Proteste dei laburisti contro il primo ministro britannico, Rishi Sunak, in Uk, dove il Parlamento non è stato consultato, e proteste anche negli Usa, non soltanto dai repubblicani ma anche all’interno dei democratici verso il presidente Joe Biden, accusato di aver violato la Costituzione per non aver consultato il Congresso. L’Iran per il momento resta a guardare, ma il timore di tutti è che la situazione possa precipitare.

Secondo l’agenzia Reuters l’Italia avrebbe rifiutato d’intervenire, ma la notizia è stata smentita dal ministro degli esteri Antonio Tajani, secondo cui l’Italia «è stata avvertita dagli alleati con diverse ore di anticipo, ma non gli è stato chiesto di prendere parte all’operazione militare», anche perché non sarebbe possibile senza un dibattito in Parlamento. I raid contro gli Houthy sono avvenuti al termine di una giornata in cui Israele è comparsa dinanzi alla Corte Internazionale di Giustizia dell’Aja per rispondere alle accuse di genocidio verso i palestinesi, formulate dal Sudafrica in seguito ai bombardamenti a Gaza, oltre ventimila morti tra i palestinesi, mentre prosegue l’offensiva dell’Idf nel sud della Striscia.

Per lo stato ebraico, fondato dopo che sei milioni di ebrei furono uccisi dal nazifascismo prima e durante la seconda guerra mondiale, l’accusa è una perversione della storia. Al contrario, molti palestinesi provano una sorta di catarsi al pensiero che i funzionari israeliani siano costretti a difendere il loro Paese davanti a una giuria internazionale.

Il timore degli osservatori internazionali è che la situazione in Medio Oriente stia completamente sfuggendo di mano alla politica e alla diplomazia per lasciare la parola soltanto alle armi. Un timore che si rafforza con la prosecuzione della guerra scatenata dalla Russia contro l’Ucraina, in apparenza lontana dal teatro dello scontro israelo-palestinese, in realtà inquadrata nel rimescolamento delle alleanze internazionali che coinvolgono le grandi potenze non impegnate direttamente nei combattimenti, dalla Cina all’Iran. Senza dimenticare i circa due milioni di sfollati palestinesi a Gaza, dove il nord è stato raso al suolo, e gli oltre cinquecentomila tra morti e feriti in Ucraina su entrambi i fronti, secondo il New York Times, che ha incrociato tutti i dati disponibili tra Onu e varie fonti d’intelligence. A questi si aggiungono gli oltre tre milioni di profughi in fuga dall’Ucraina che si sono riversati in Europa, un dato che è entrato di prepotenza nel dibattito politico dell’Unione Europea.
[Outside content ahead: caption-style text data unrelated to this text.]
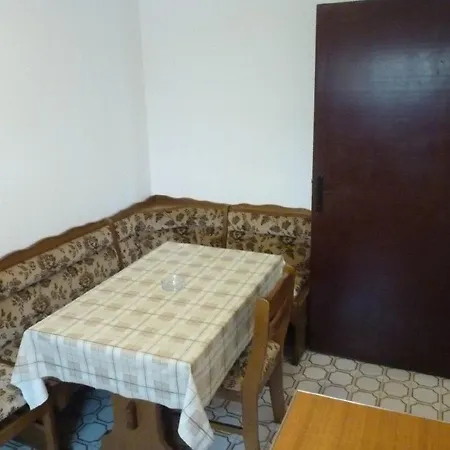 With A Parking Space - 13242 Daire *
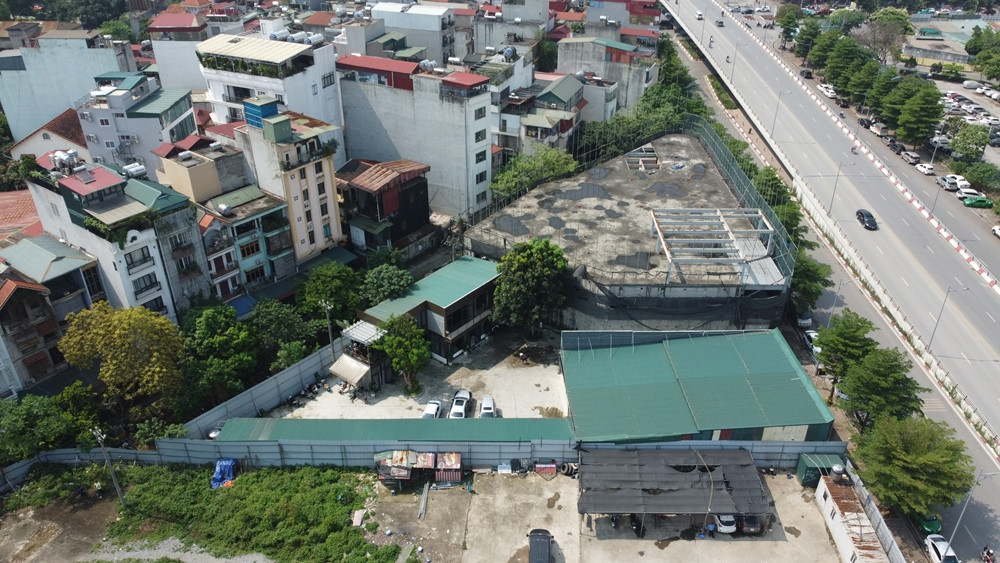 Ông Hùng đã bị Phòng Cảnh sát kinh tế Công an TP.Hà Nội khởi tố bị can, bắt tạm giam về tội nhận hối lộ. Cơ quan chức năng xác định ông Hùng nhận 1 tỷ đồng để "làm ngơ" cho công trình xây dựng không có giấy phép này.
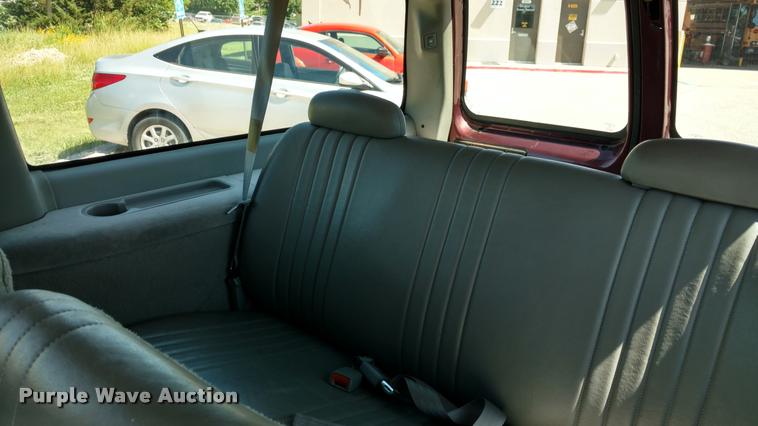 image for item DA5610 1997 GMC Suburban 1500 SUV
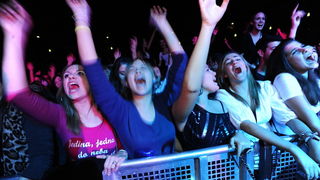 Split, 271111.
Spaladium Arena.
Veceras su u Spaladium areni pred oko 4000 posjetitelja nastupili Momcilo Bajagic Bajaga (u prvom dijelu) i Jelena Rozga (u drugom dijelu). Koncert je organizirala Karlovacka pivovara.
Na slici: mnogobrojna publika
Foto: Ni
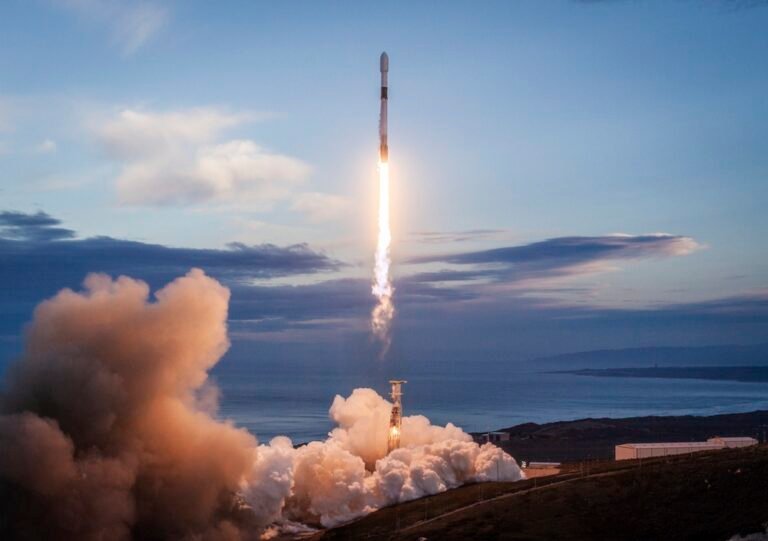 DOT Forms Space Task Force as Launch Forecast Reaches 10,000 a Year DOT Forms Space Task Force as Launch Forecast Reaches 10,000 a Year
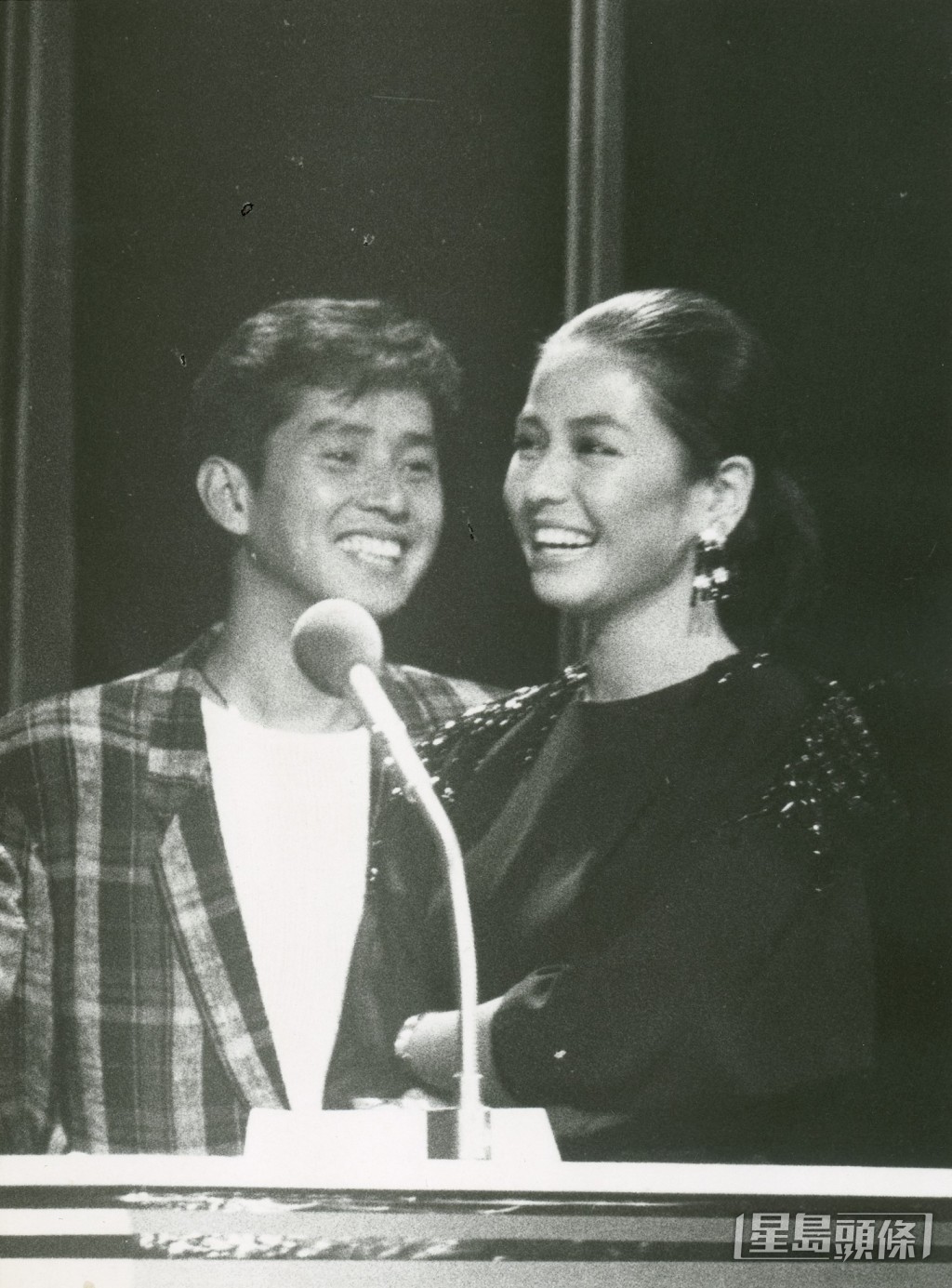 鍾楚紅是80年代當紅影星。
I pacchetti di aiuti militari e finanziari all’Ucraina, estremamente necessari a Kiev, rimangono bloccati negli Stati Uniti a causa delle lotte politiche interne, mentre il Regno Unito ha inviato 3 miliardi di dollari. Una situazione che può ripetersi anche per gli aiuti a Israele: un sondaggio dell’Università di Quinnipiac, negli Usa, ha registrato da novembre a oggi un calo dal 54 al 45% dei cittadini favorevoli a inviare aiuti a Israele. Sondaggi cavalcati dai repubblicani e di cui non può non tener conto lo stesso Biden, nell’anno che porterà all’elezione del nuovo presidente Usa. Ogni giorno in Medio Oriente e in Ucraina, al netto delle minacce della Cina verso Taiwan, i conflitti anziché diradarsi trovano nuovo fuoco che li alimenta e che coinvolge gli alleati delle parti in causa. Il timore che il peggio possa ancora venire non è dovuto al pessimismo.